Why Electric Cars Dominate at 14,000 Feet

Picture Source: https://ppihc.org/wp-content/uploads/2026-PPIHC-Competitor-Results.pdf

Table of Contents

EVs Swept the Top Four

Electric vehicles finished first through fourth overall at the 2026 Pikes Peak International Hill Climb. Romain Dumas won for Ford Performance in the Super Mustang Mach-E with a time of 8 minutes, 18.202 seconds.

Dumas beat Ford teammate and Pikes Peak rookie Will Martin by about six seconds. Laura Hayes finished third in the electric Sierra Echo Block Edition, and Meng Liyang took fourth in a Hyundai Ioniq 5 N TA Spec.

The win gave Ford and Dumas the result they missed in 2025, when the Super Mustang Mach-E crashed during its run.

It also added another example of a simple Pikes Peak reality: electric drivetrains lose less performance as the course climbs.

Thin Air Hurts Combustion Engines

The course covers 12.42 miles and 156 turns before reaching 14,115 feet above sea level. Air density falls throughout the climb.

Combustion engines need oxygen to burn fuel. With less oxygen entering the engine, power falls unless turbocharging and other systems compensate. The thinner air also changes cooling and aerodynamics.

Electric motors do not burn fuel, so they do not suffer the same altitude-related power loss. They can deliver strong torque from the start line to the summit without running short of oxygen.

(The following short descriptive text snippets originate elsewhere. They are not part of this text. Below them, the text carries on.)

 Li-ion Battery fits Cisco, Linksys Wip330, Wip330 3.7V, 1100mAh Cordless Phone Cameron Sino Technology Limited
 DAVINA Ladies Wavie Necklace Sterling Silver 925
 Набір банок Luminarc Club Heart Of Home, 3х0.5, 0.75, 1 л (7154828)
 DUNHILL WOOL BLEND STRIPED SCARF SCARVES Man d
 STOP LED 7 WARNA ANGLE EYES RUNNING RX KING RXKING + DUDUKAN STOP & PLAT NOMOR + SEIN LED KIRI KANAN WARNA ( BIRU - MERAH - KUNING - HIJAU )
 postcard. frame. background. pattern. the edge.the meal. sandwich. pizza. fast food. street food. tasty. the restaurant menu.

The rest of the car still has a brutal job. Tires, brakes, batteries, inverters, and the driver all take heavy punishment. The electric drivetrain simply removes one problem that has challenged race cars on the mountain for decades.

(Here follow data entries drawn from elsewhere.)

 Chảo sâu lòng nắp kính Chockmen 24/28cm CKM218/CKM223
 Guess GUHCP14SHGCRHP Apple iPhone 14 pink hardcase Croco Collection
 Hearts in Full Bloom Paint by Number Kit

That makes Pikes Peak a particularly good fit for instant torque, precise power control, and a motor that does not weaken with altitude.

Ford Built the Mach-E for This Mountain

The Super Mustang Mach-E shares little with the showroom crossover beyond its shape and name. It is a purpose-built hill-climb car.

It uses a lightweight carbon-fiber structure, a small high-performance battery, and three motors producing about 1,400 horsepower. The huge aerodynamic package can generate thousands of pounds of downforce.

The car needs that grip on a road filled with hairpins and exposed drops. It has to accelerate, brake, and change direction repeatedly while the surface and weather can shift during the run.

Using the Mustang Mach-E name gives Ford a way to associate electric power with outright speed, not only efficiency and lower emissions.

Returning after the 2025 crash mattered too. Ford and Dumas took a program that could have ended as an expensive failure and came back to win the event overall.

The Battery Is Still a Compromise

Electric motors like the altitude. Batteries still bring weight and heat.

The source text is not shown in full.